If you look at the volume, you’ll see the volume is a lot less than the inflation ETF. All of the volume happens to be growing. The idea was I tell a, a tells b, b tells c and d, and so on and so forth, and it’s working. So that fund is, at least as of yesterday, reached over $16,000,000 of assets just that way. And I think yesterday, it traded over 8,000 shares.

Now trading is no is is for is not really an interesting cystic from our point of view in a stock. It is interesting from the point of view in ETF. The reason it’s interesting from the point of view in ETF is money can only go into fund in the ETF in increments of 25,000 shares. So if I personally wanna buy a hundred shares of BCDF, The only ways I can get it is I can either find somebody who wants me to sell me shares. So if somebody sells me a hundred shares, ETF doesn’t get any new AUM.

The other way to do it is a market maker can sell short hundred shares to me if I want to buy it. Market maker has a short position, which you’re obligated, I think, within four days to cover. So what happens is if a lot of little trades happen and there are no sellers, a series of market makers build up short positions which they have to cover. When they cover them, they create another unit. So if you don’t see any trading, it means we’re not likely to get new AUM in the foreseeable future.

If you see some thousands of shares traded every day, that’s a sign we’re going to get new units created. The new unit created, of course, means new assets under management. So we didn’t do television or print or all the other things. We’re going direct. It takes longer, but in the long run, it’s more profitable.

Now on the way out. So if somebody wants to dispose of shares, if you’re selling shares in unit increments, 25,000 shares, you same thing. Redemption can only be in the increment of 25,000 shares. Somebody wanted, for whatever reason, liquidated a hundred shares. The way it gets liquidated, money doesn’t come out of the fund.
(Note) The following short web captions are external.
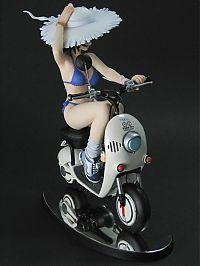 Art & Creativity: hot female anime figure statue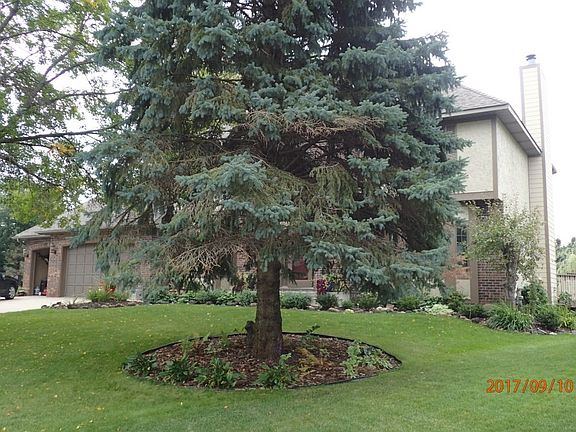 2nd image of 1020 Autumn Alcove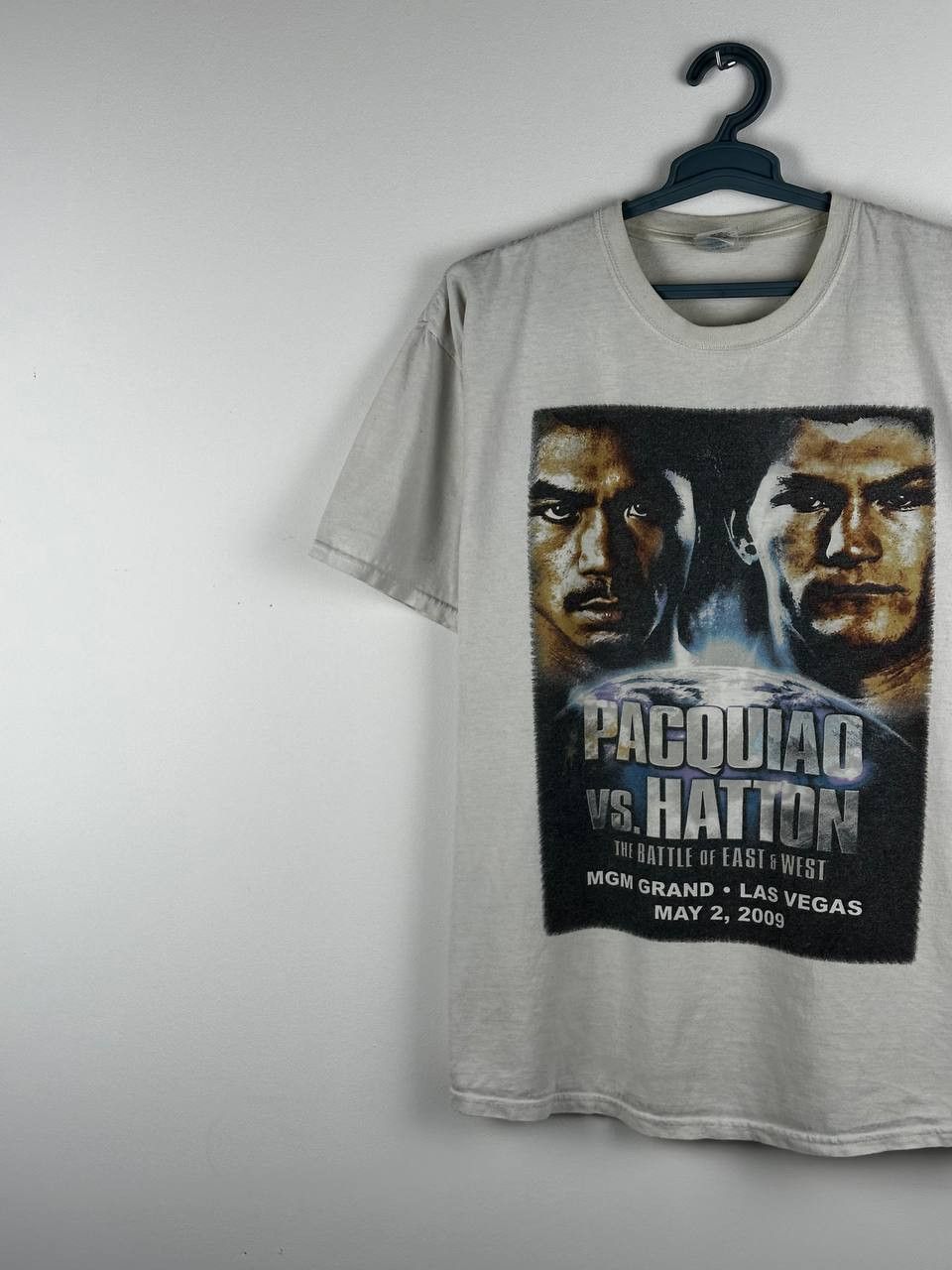 Band Tees × Gildan × Vintage VINTAGE 2009 Pacquiao vs Hatton Boxing Promo Rap Tee Gildan Size US XL / EU 56 / 4 - 2 Thumbnail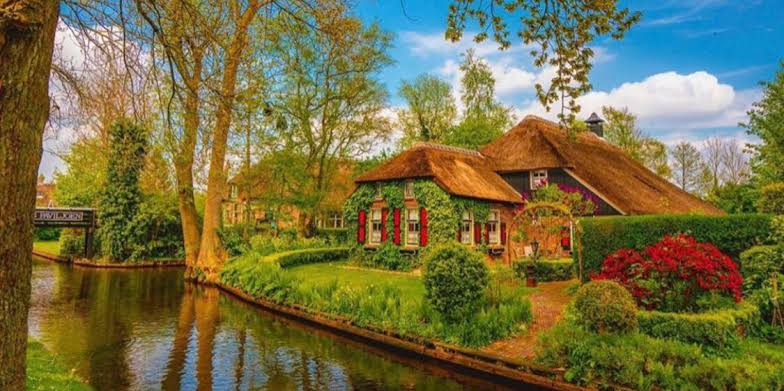 Netherlands — Giethoorn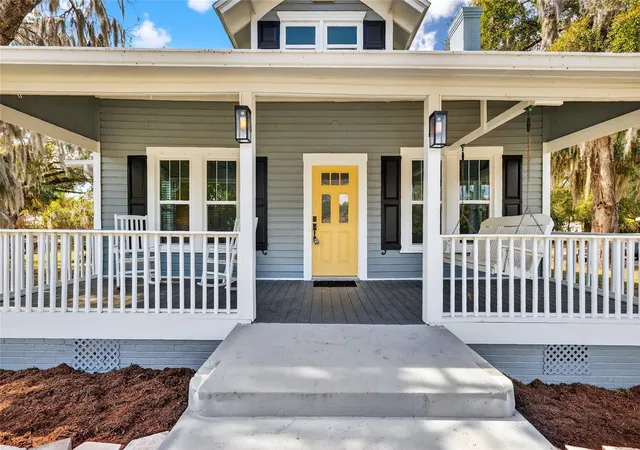 2nd image of 92 S Trowell Ave, Umatilla, FL 32784 | MLS# G5108468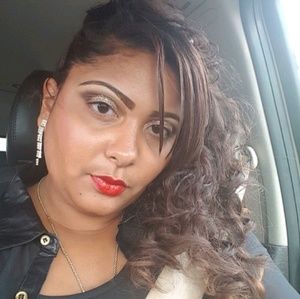 Meet your Posher, Debra j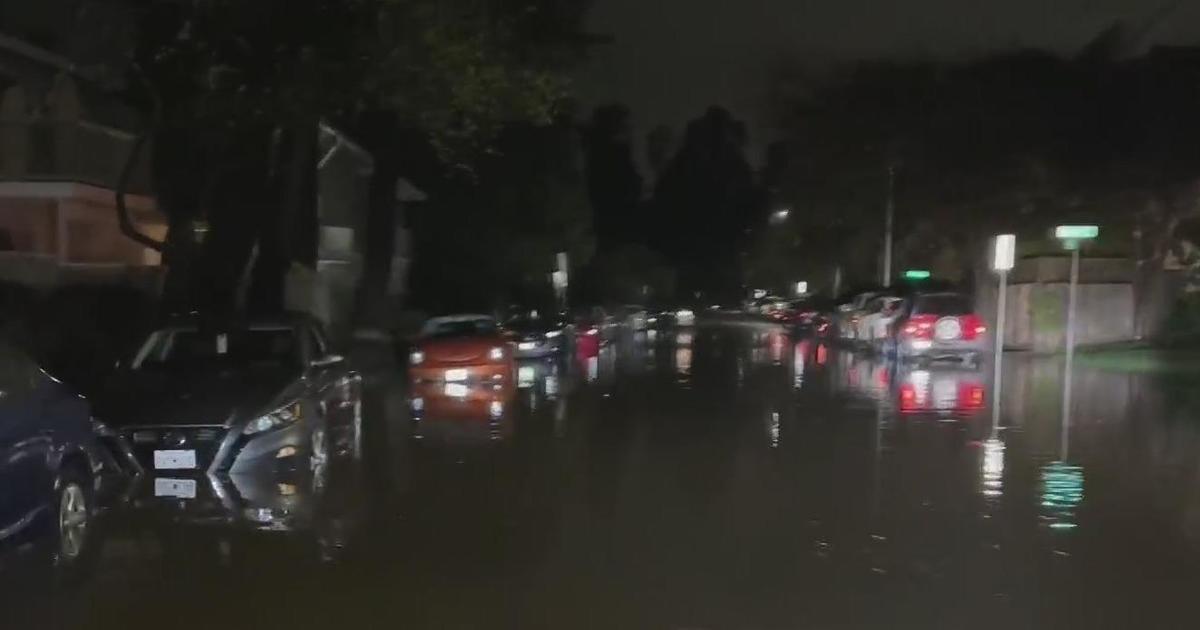 Overflowing creek floods Santa Cruz apartment complex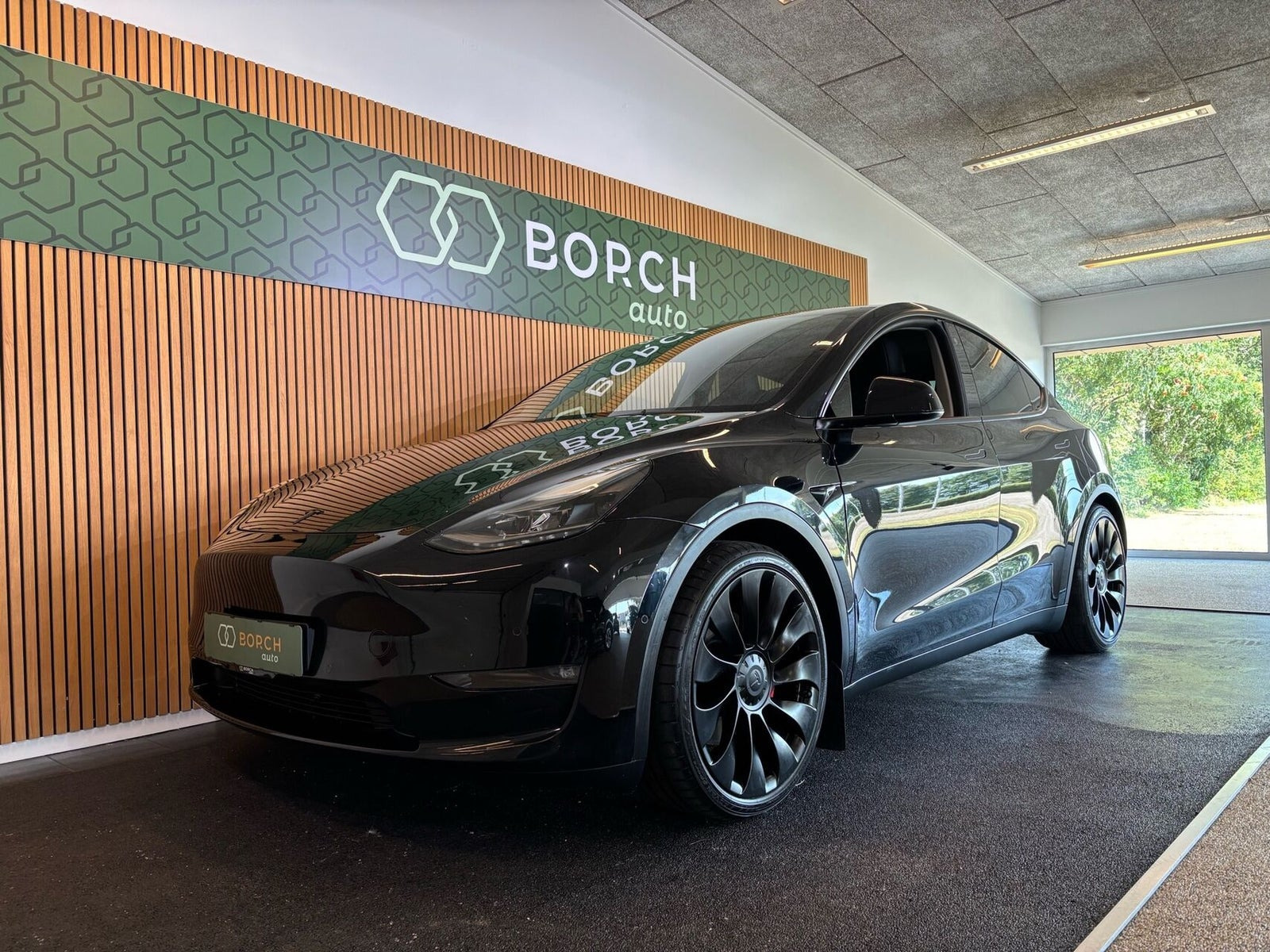 Tesla Model Y Performance AWD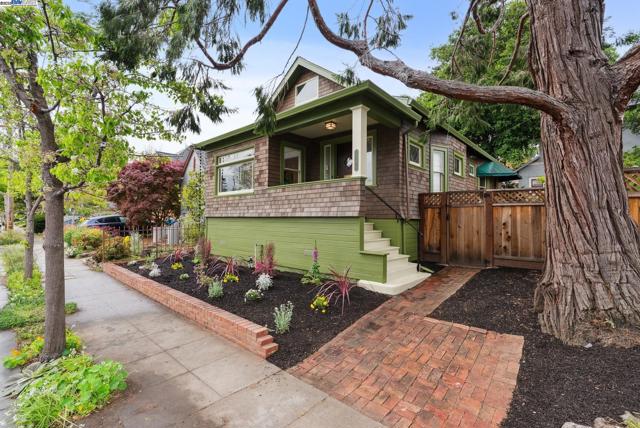 3206 Garfield Ave, Alameda CA: https://media.crmls.org/mediaz/70fcbbb6-38d3-4894-afa8-550c002fe20a.jpg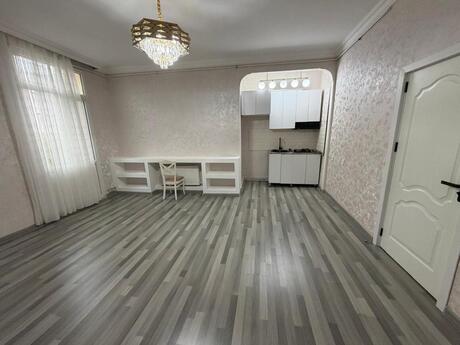 Nəriman Nərimanovda 2 otaqlı köhnə tikili mənzil satılır, 46 m², 172 000 AZN, şəkil 2 / 10
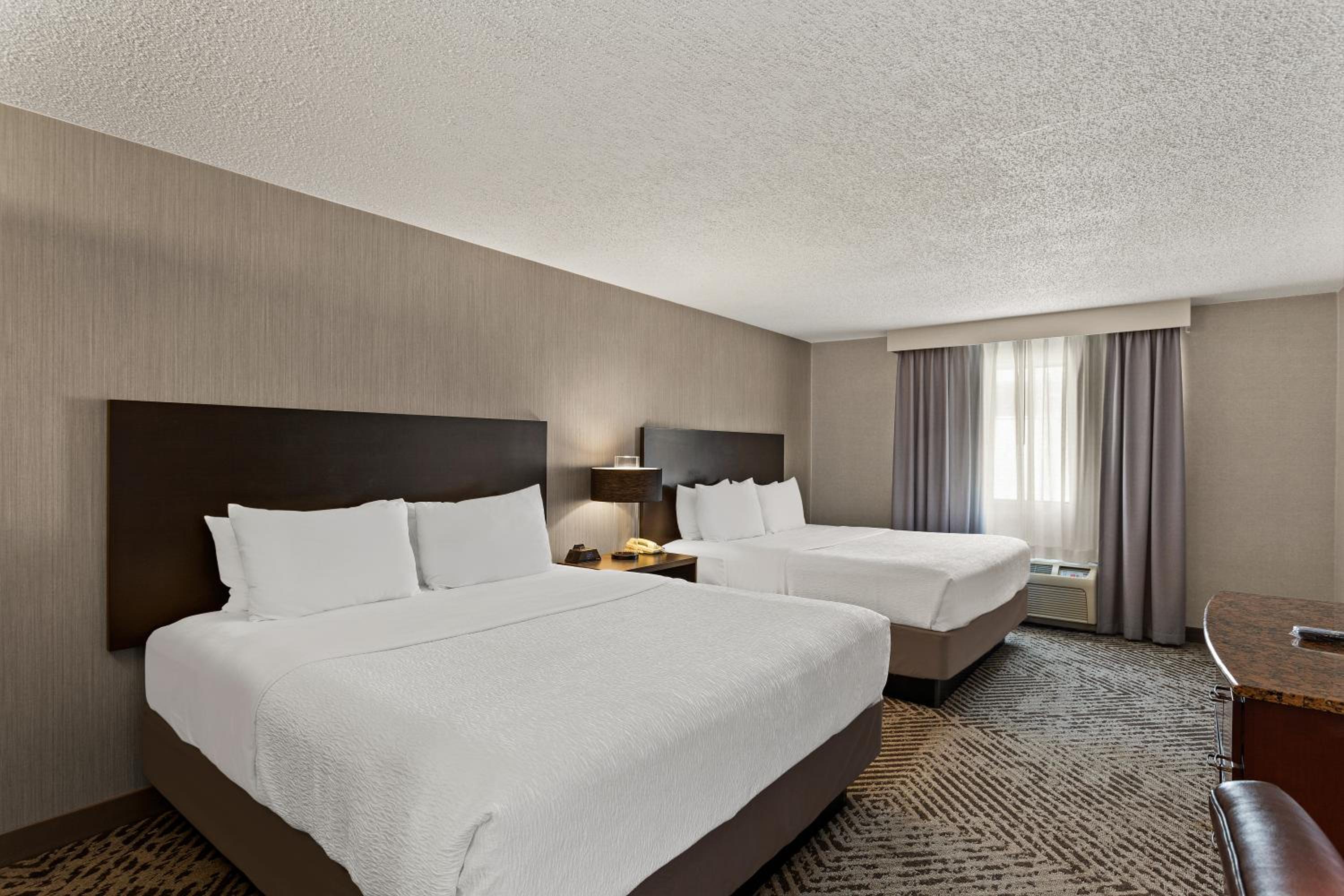 King Room with Two King Beds - Non-Smoking - Photo 4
It’s just a hundred shares are sold to whoever wants to buy it. So you have to create an eco trading system that’s big enough so that it’s absorb it it supports a stable degree of assets under management. So if we go the traditional marketing route and raise a great deal of money, the risk is if for whatever reason somebody wants to take their profit from money in their fund, we might be faced with redemptions. And that’s what happens in ETFs all the time. So you’re trying to build it a really different way, and, of course, those big contributions are on the platforms that are gonna charge us the fees.

So I hope that gives you an idea of how comparing contrasting those two funds. Two entirely different efforts. One last thing I’ll point to is we just launched a Japan fund couple days ago. This is called the Japan Owner Operator Fund. So people on this call probably have heard me talk about owner operators.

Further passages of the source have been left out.